On that, Mr. Speaker, I would adjourn debate and move that the House close.

MR. ROBERTS: (Inaudible) adjourn the debate or concluding your remarks?

MR. HARRIS: I am concluding my remarks.

MR. SPEAKER: The hon. the Opposition House Leader.

MR. W. MATTHEWS: Mr. Speaker, I am very surprised, I say to the Government House Leader. I thought at least there would be somebody on his side who would get up and participate in this debate. We have had two speakers back-to-back from here, and it seems the members opposite are muzzled and so on. They don't want to speak, are not allowed to speak, on such an important issue.

I don't know what the Government House Leader is trying to prove again, but I guess he wants me to adjourn the debate.

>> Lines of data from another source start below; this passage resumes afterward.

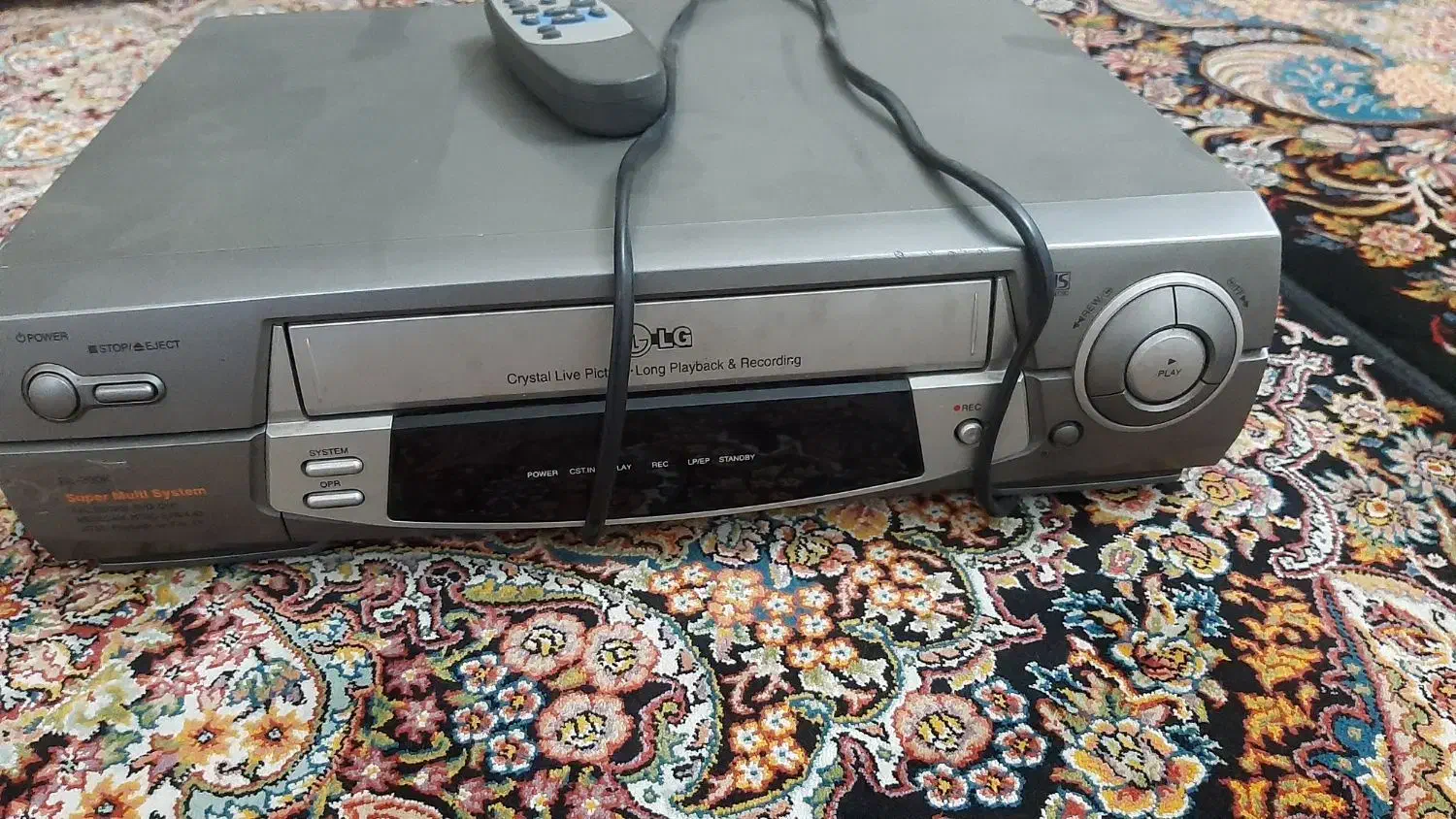 ویدیو الجی|پخشکننده DVD و ویدیو|قدس, شهرقدس|دیوار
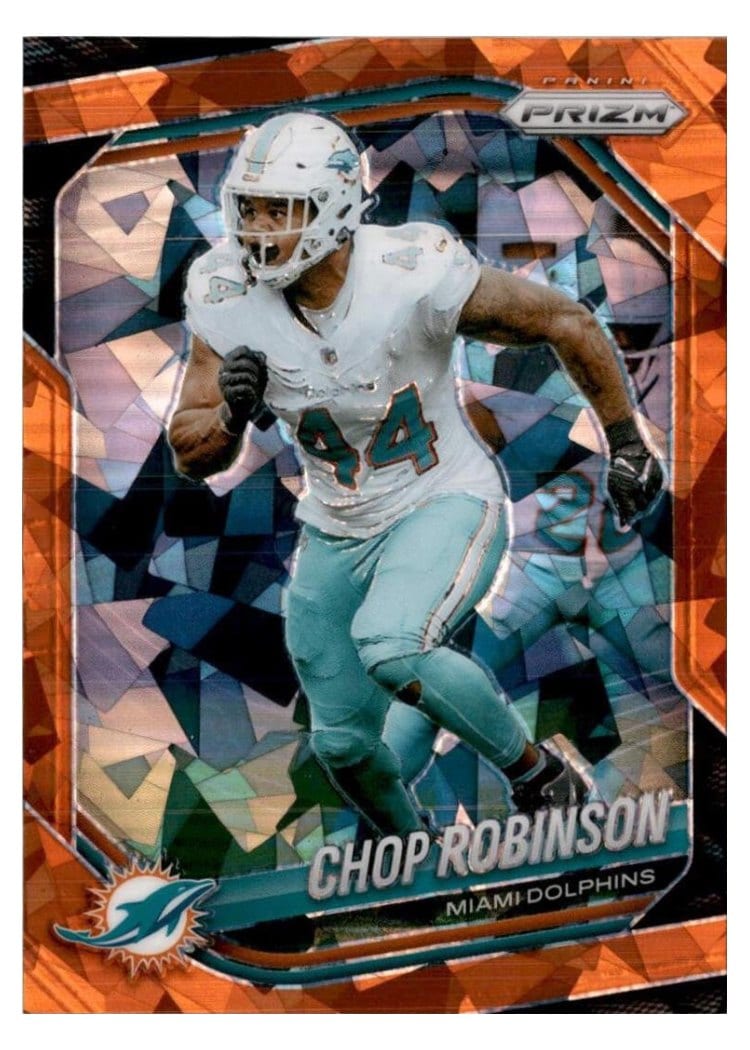 2025 Panini Prizm Base Set Chop Robinson #20 card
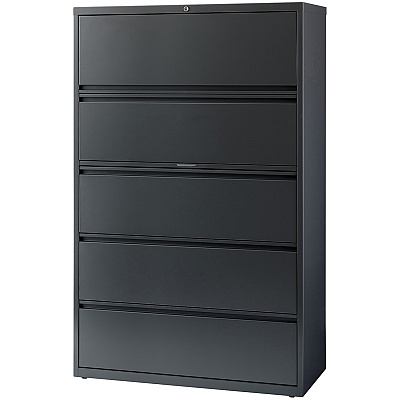 Lorell Fortress Series Lateral File w/Roll-out Posting Shelf (LLR60434)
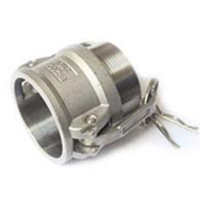 LOWAY快速接头LW-AWSY-11047-B型-1-1/4”-316材质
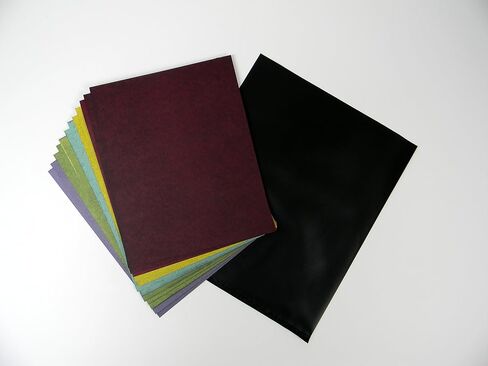 Cyanotype 8" x 10" Paper - 12 pack (Mixed) in Saudi Arabia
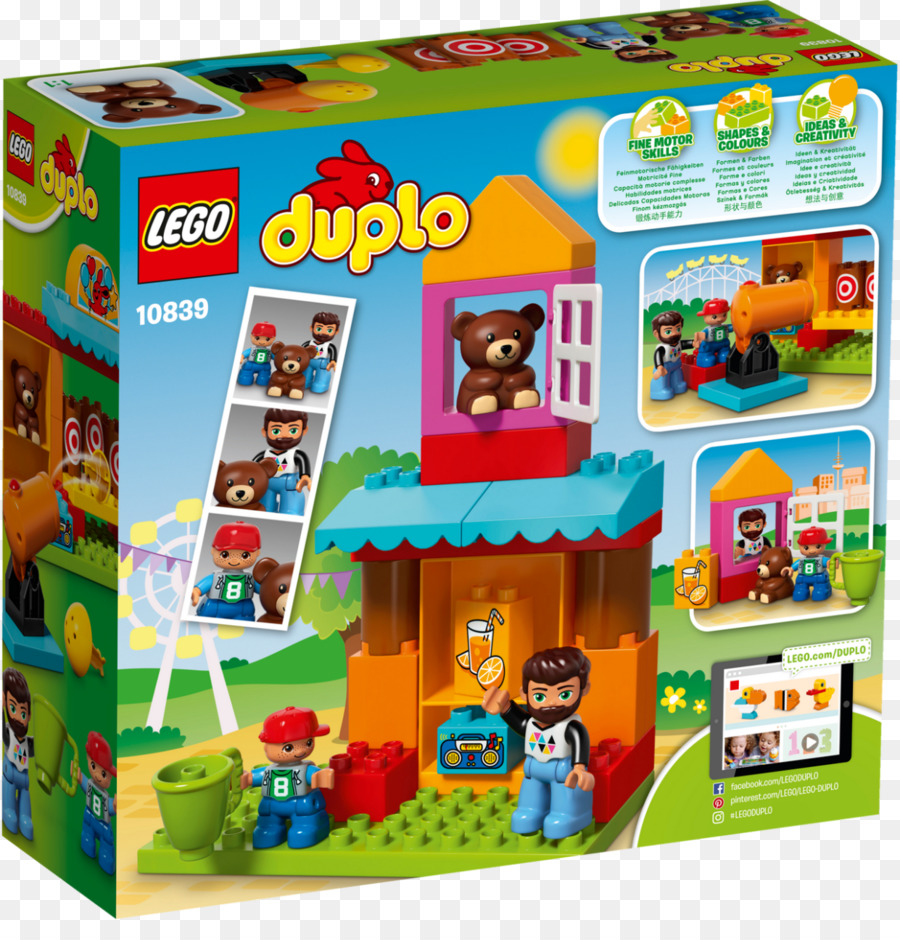 Lego Duplo Kota，Lego PNG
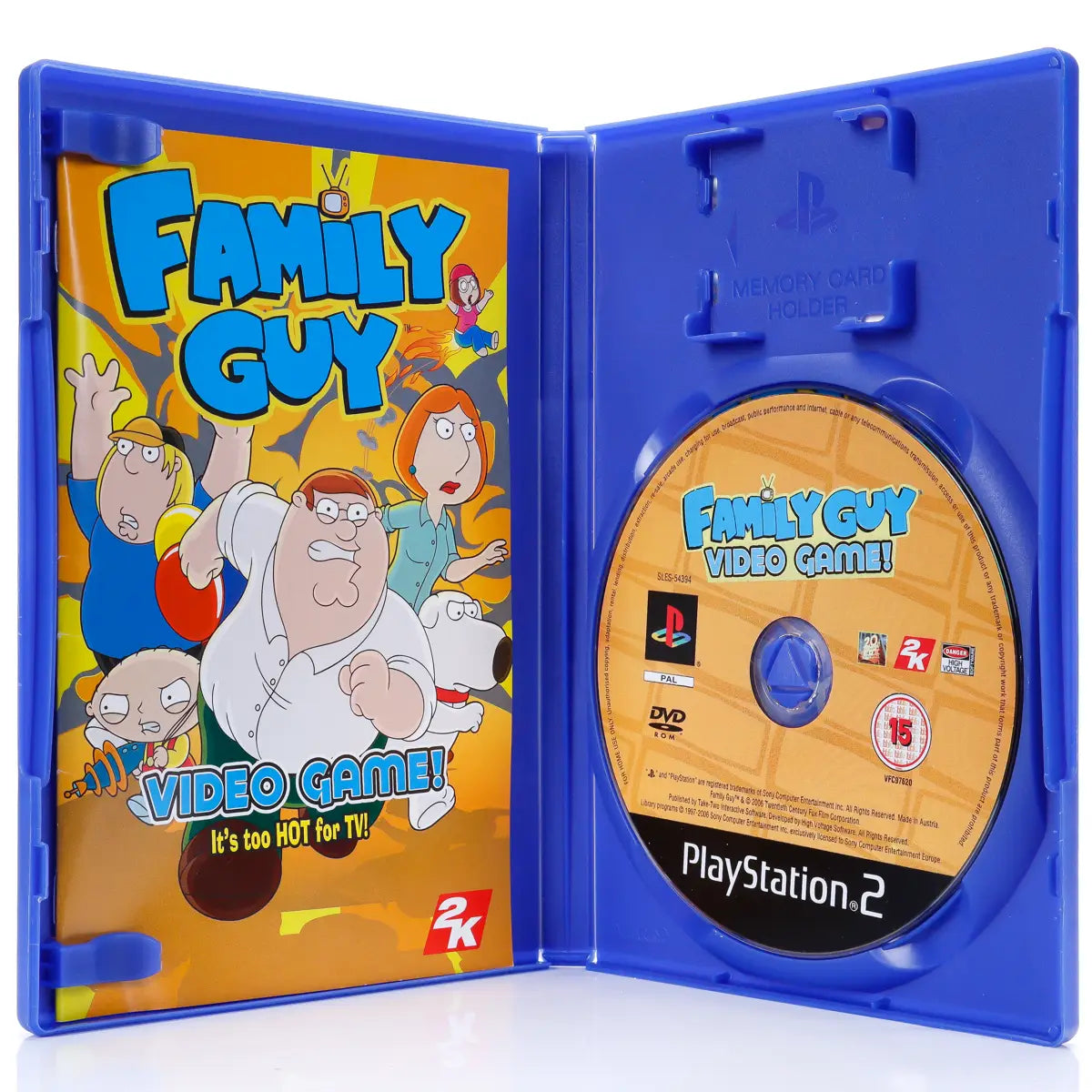 Family Guy Video Game! - PS2 spill - Retrospillkongen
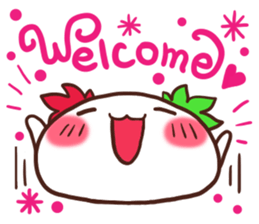 Daifuku Kaepii and siratama-kun sticker #8325428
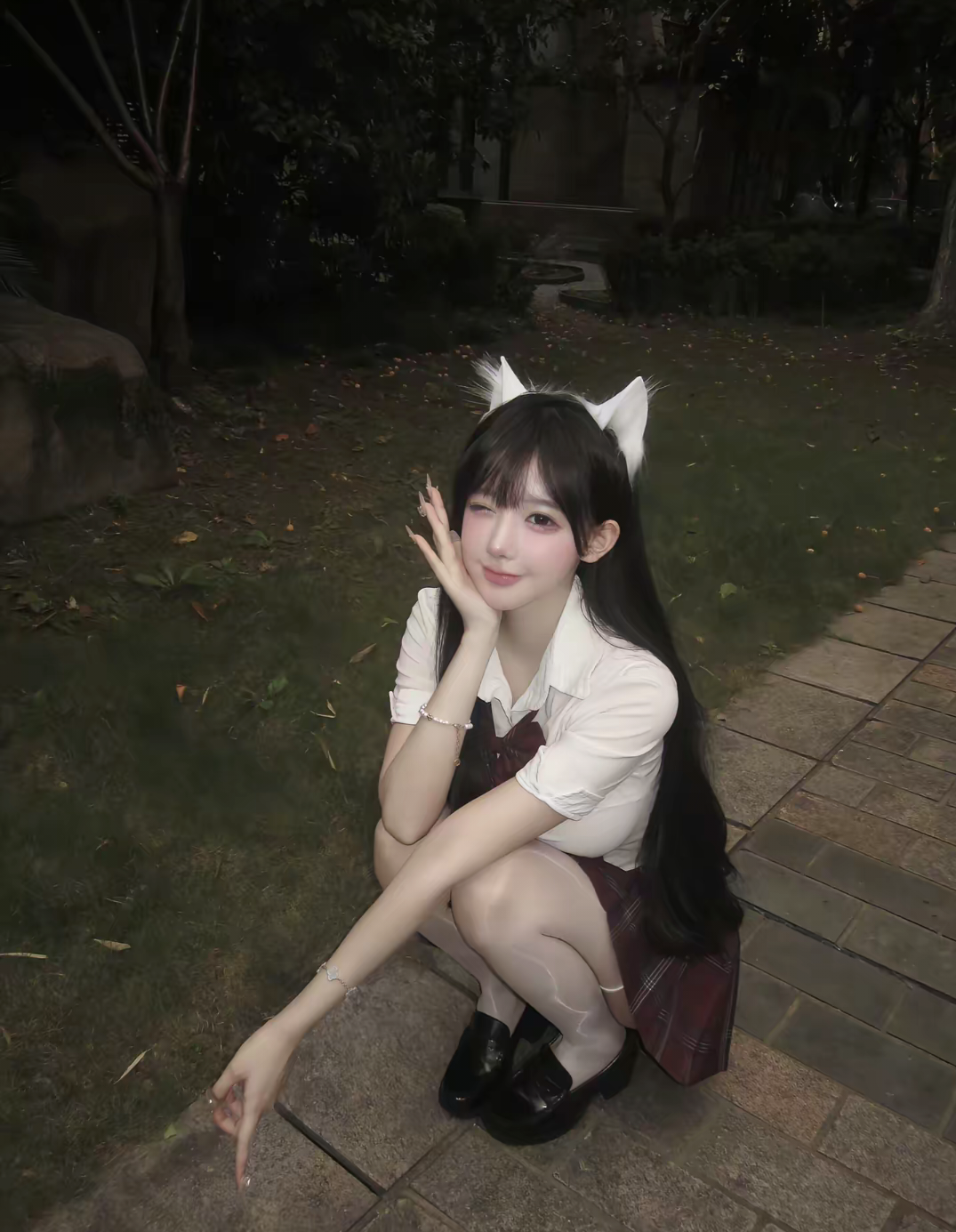 陪玩妹子神乐的照片4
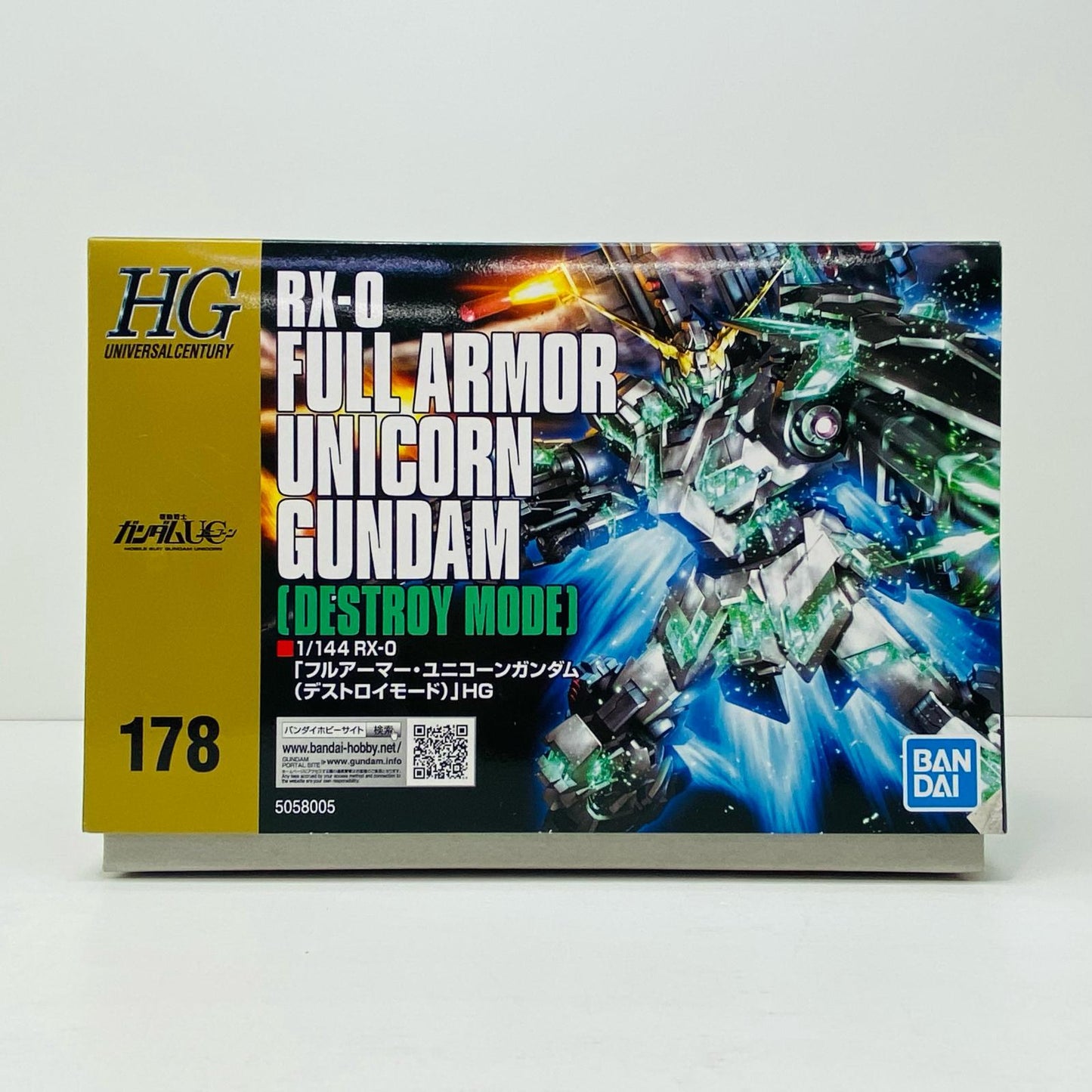 1/144HGUCRX-0フルアーマーユニコーンガンダム(デストロイモード)「機動戦士ガンダムUCepisode7」[5058005]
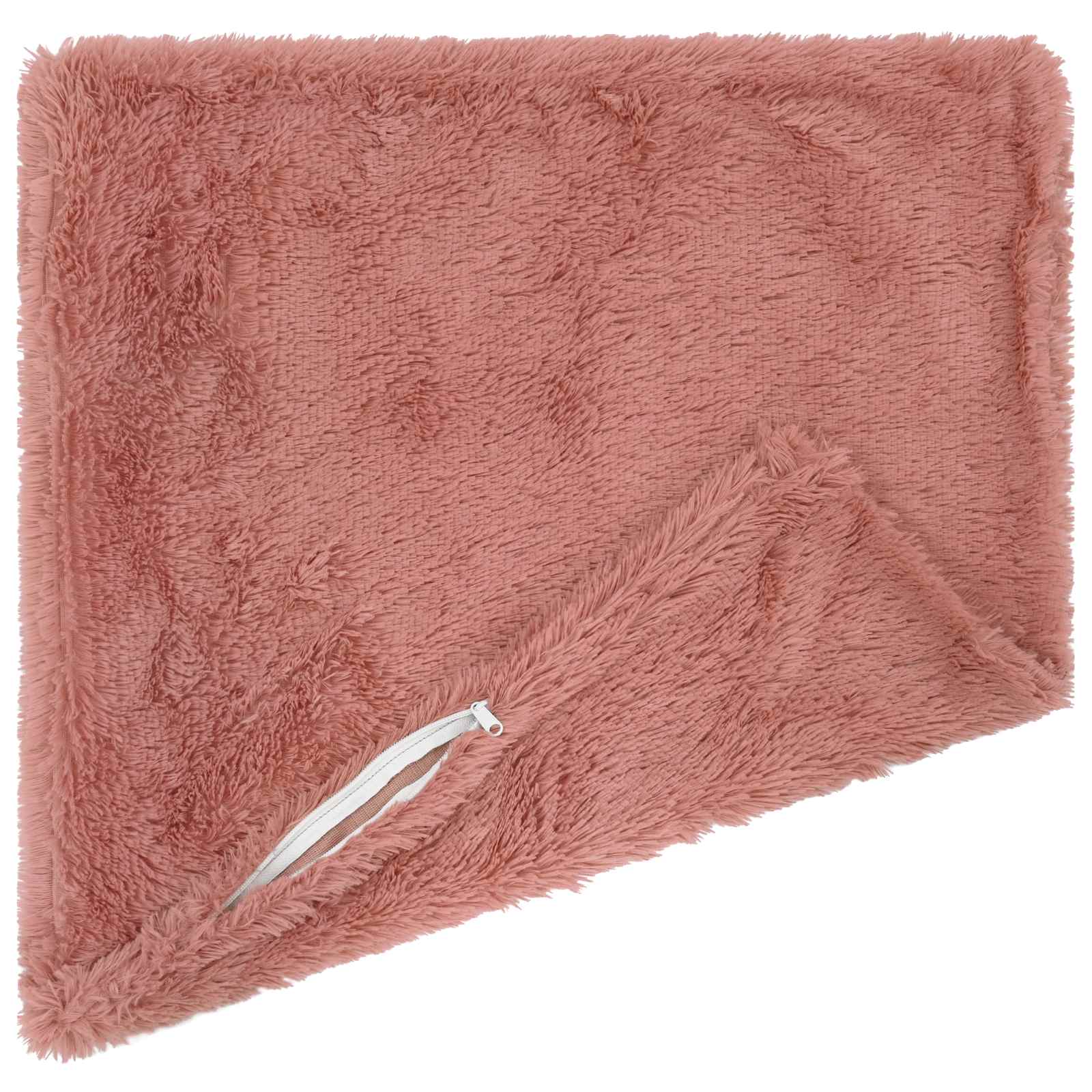 Federa 6 pcs HEERLEN Rosa 55 x 55 cm Fleece PV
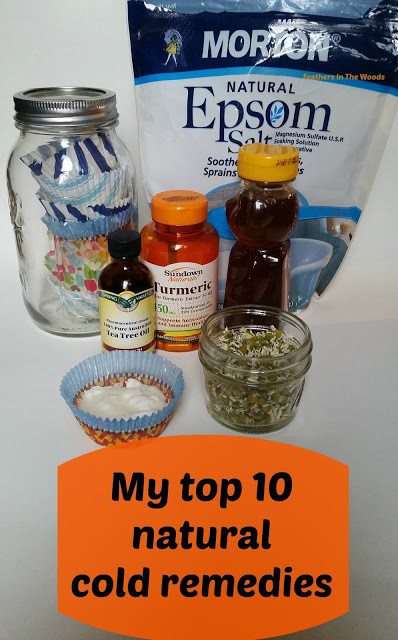 Homestead Blog Hop Feature - my top 10 natural cold remedies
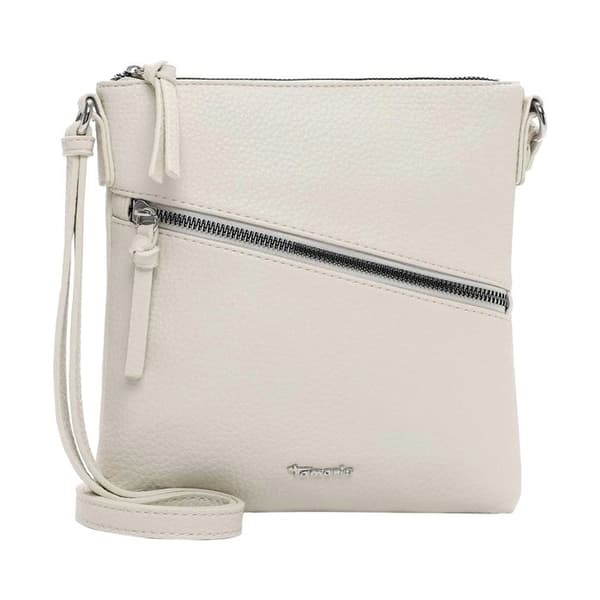 Tamaris Axelhänge väska i krämfärg för kvinnor - Alessia Crossover Bag Ceramics 301762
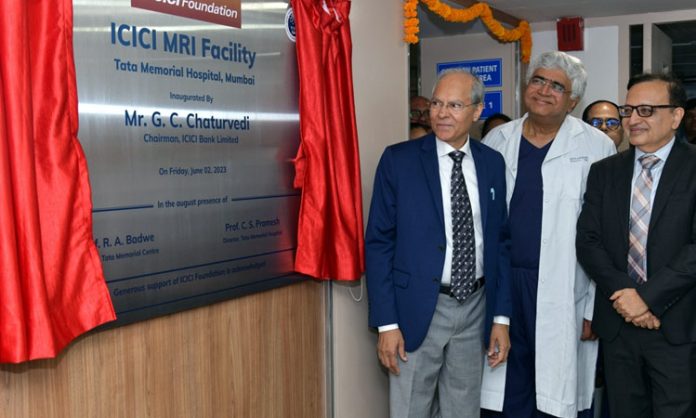 ICICI Donates rs 1200 cr for Tata Memorial Centre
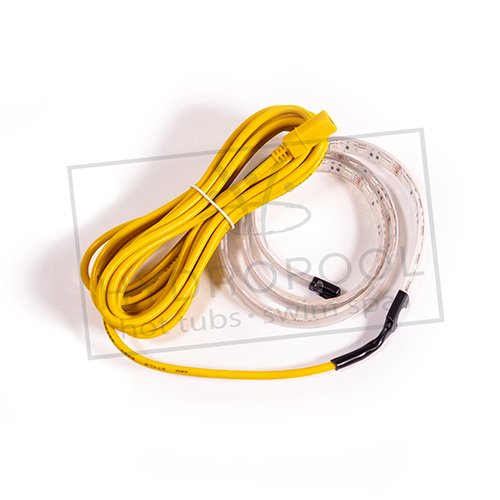 DC String Led Light 33in Yellow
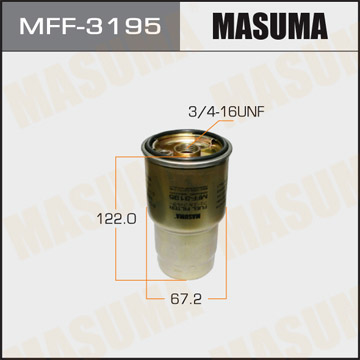 Фильтр топливный MASUMA MFF-3195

I therefore adjourn the debate, Mr. Speaker.

MR. SPEAKER: The hon. the Government House Leader.

MR. ROBERTS: Mr. Speaker, I move that the House, at its rising, adjourn until Monday, but let me advise members so they can plan their affairs, that in the interest of ensuring that every member of the House has an opportunity to speak on this, if he or she wishes, including on the amendments, we will be asking the House to sit later on Monday than would normally be the case under Standing Orders, but we shall not go beyond 10:00 p.m. on Monday night or on Tuesday night. So members can plan accordingly on that. With that said -

SOME HON. MEMBERS: Oh, oh!

MR. ROBERTS: Mr. Speaker, the hon. members opposite don't want a debate, they want to obstruct. There is a very neat difference. The House has a right to decide. We will give hon. members opposite every opportunity to debate this measure at whatever length they wish, Mr. Speaker. With that said, I move the House do now adjourn.

On motion, the House at its rising adjourned until Monday at 2:00 p.m.